Seriously. Your wife is completely inconsistent. She was alone with the guy all day long, thought she was in love with him, but restricted her physical activities to hugs and cheek kisses? You dated your wife once. Was she still chastely hugging you when telling you she loved you? Or was she giving you tug jobs in the back row of the movie theater (or worse)?

Also, was she stockpiling lingerie for their eventual sexual relationship? That would be unusual. Women tend to buy lingerie around the time they are going to be using it, not for some future, undetermined, may never happen date.

Also, you need to keep in mind that trickle truth translator mechanism. A disloyal spouse will tell you only what he/she thinks you already know. If you dig up more on your own, he/she will admit to that in the future. But not before. And they minimize it. Another poster wrote something that I still remember.

If she says they talked, they talked about sex. If she says they went for coffee, they went on a date. If she says they kissed, she blew him. If she says they cuddled, they had sex. If she says they had sex, they went around the world more times than she can remember.

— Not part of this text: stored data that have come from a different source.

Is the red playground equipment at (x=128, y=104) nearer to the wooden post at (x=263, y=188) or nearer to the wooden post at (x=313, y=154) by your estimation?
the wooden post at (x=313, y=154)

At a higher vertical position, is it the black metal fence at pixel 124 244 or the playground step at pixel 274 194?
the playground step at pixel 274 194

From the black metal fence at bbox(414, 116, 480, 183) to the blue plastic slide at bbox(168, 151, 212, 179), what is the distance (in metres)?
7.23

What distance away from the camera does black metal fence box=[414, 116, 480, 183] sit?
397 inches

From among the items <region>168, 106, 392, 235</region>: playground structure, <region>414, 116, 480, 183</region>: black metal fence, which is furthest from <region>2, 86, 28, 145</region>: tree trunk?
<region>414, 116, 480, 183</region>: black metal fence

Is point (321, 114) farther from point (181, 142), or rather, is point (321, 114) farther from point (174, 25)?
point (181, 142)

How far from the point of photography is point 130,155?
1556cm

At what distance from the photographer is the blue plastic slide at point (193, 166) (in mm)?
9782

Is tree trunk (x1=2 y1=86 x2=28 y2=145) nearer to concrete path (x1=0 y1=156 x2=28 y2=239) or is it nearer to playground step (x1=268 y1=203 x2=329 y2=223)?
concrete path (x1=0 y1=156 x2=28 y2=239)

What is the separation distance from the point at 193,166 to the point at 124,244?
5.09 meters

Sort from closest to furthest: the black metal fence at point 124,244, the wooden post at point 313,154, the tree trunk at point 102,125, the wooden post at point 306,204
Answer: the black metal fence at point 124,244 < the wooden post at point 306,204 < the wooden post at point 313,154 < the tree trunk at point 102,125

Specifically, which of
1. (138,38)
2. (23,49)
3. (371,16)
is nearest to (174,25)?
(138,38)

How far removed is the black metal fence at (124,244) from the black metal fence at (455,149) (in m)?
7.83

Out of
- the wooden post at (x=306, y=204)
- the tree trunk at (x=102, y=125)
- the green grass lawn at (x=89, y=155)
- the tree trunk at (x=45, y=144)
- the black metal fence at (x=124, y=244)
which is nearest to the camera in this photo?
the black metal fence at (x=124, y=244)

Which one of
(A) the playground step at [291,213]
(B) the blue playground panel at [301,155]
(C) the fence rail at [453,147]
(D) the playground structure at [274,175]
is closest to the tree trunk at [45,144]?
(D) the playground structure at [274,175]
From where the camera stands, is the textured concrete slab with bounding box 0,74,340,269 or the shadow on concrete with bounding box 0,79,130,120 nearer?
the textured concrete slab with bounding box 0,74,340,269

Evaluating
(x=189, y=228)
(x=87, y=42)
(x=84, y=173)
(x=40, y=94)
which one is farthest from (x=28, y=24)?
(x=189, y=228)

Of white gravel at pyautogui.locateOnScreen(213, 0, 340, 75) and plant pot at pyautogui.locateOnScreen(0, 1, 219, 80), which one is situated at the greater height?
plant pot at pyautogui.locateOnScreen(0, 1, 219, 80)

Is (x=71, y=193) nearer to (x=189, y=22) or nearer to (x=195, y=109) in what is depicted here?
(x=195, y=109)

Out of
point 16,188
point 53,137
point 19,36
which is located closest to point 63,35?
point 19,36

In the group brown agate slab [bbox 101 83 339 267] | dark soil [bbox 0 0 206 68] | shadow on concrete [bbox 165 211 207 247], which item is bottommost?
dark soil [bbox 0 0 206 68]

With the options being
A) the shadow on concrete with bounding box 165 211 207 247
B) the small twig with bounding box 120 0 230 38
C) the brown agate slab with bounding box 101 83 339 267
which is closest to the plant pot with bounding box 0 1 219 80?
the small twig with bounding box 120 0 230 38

That paragraph is probably a good rule of thumb. Your wife is almost certainly minimizing. The question is, so what? What are you going to do about it? If she had sex with him, will you leave her? You need to decide that before you continue to question her. If you browbeat her into admitting having sex with him, and your response is, "OK then," you'll just look stupid. So figure out what you want in case she's telling you the truth, or in case she's slightly minimizing, or in case she's lying through her teeth.

You could go with a polygraph to get at the truth. They're not extremely accurate, but sometimes a disloyal spouse will admit the truth after a demand to take one. Also, a refusal to take one speaks volumes.

Also, you should never give up your source of information. Yes, she'll deny what you know. But you just stand firm. By handing her the VAR, she now knows that her car isn't safe to talk in. So, if she's so inclined, she'll find a different place to talk. You've made it much harder for yourself to monitor her.

Good luck.


----------



## Acabado (May 13, 2012)

Her story... not kosher.
Countless times alone at the store.
Full of contradictions: Lingerie plus sex talk but kisses in the cheek? Give me a break. Can you picture yourself being a man doing that?
Nothjing new, even after her countinued lies you are a victim of the *truth bias*. Happens all the time. From wikipedia--->Deception

It was full a blown EA-PA.
It lasted way more than 3 weeks (Not counting the false R).
She put herself as the persuer to protect her married soulmate. She fell hard for him, since she started working there.

Poligraph.


----------



## Scott1973 (Mar 26, 2011)

She told me that she pursued him by giving the first hug after a conversation they had about his troubled home life...she felt sorry for him ...Her and I where having a rough time in our relationship at the time as well.

She also told me that they discussed a physical relationship but would not allow it to go there because "too many people would be hurt"

I thought it was interesting that he never kissed her on the cheek back once ( i clearly asked her this) ...
When she said to him that she loved him....he never said it back to her according to her.... He initiated the sex texting apparently though...
She also told me that he joked with her in the office that they should lock the door and pull the blinds (small office/company)


----------



## Machiavelli (Feb 25, 2012)

There is a possibility she's telling the truth. There is also a possibility that a comet is going to hit the earth in the next 6 months.

Polygraph.


----------



## PHTlump (Jun 2, 2010)

Scott1973 said:


> She is trying though now....even combined our facebook page with both of us on it (she closed hers)and has a picture of the 2 of us in her car on the dash....maybe she is telling me the truth?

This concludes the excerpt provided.